2102908 Alberta Ltd v Intact Insurance Company, 2022 ABQB 175.
Reading time: 4 min (approx.)
Written by: Weston McArthur (Student-at-Law)
The operator of a bowling alley in Fort McMurray, Alberta, (the
Plaintiff”) was insured with the Intact Insurance Company (the “Defendant”). On April 27, 2020, the Clearwater River in Fort McMurray overflowed into the city. It was also raining very heavily at the time. The bowling alley was damaged as a result of water seeping into the building, and it was deemed a loss. The Plaintiff tried to make a claim on the bowling alley, but the Defendant refused, arguing that the insurance policy provided an exclusion for flood water. The Plaintiff commenced an action against the Defendant for indemnification.

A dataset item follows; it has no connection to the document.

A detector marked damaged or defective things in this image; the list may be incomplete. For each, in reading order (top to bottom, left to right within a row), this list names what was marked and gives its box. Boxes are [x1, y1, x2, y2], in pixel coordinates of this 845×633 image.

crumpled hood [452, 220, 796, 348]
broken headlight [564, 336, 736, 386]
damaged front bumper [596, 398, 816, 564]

The Plaintiff’s insurance policy had several provisions that pertained to water. The agreement read that “this form, except as provided, insures against all risks of direct physical loss or damage to the insured property” [para 8]. There was also a series of exclusions, two of which related to damage from flood water and another related to surface water. In addition, the Plaintiff had an extension of coverage form attached to the policy providing coverage in the event of “seepage, leakage or influx of water” [para 13].

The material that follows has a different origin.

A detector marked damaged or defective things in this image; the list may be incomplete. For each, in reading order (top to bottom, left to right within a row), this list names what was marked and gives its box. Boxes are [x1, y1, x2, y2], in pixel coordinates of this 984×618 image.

The Defendant argued that the policy was clear and unambiguous in terms of the defeating the Plaintiff’s claim because there was flood; the Court rejected this, arguing that while there was a flood in Fort McMurray, “the specific action that resulted in the damage to the premises … was the influx of water,” [para 18] which was specifically covered under the policy. The Court also made clear that the influx of water was not necessarily brought on by the flood. Ultimately, the Court determined that coverage had been established.
Several legal principles guided the Court in its decision. Firstly, exclusionary policies are to be interpreted narrowly, while coverage provisions are to be interpreted broadly. Secondly, the principle of “contra proferentem” states when an insurance contract is ambiguous, courts will resolve the matter by providing an interpretation that is beneficial to the party that did not draft the document. The Court felt that the Plaintiff had established that they had coverage and the policy was ambiguous, therefore it ruled decisively against the Defendant.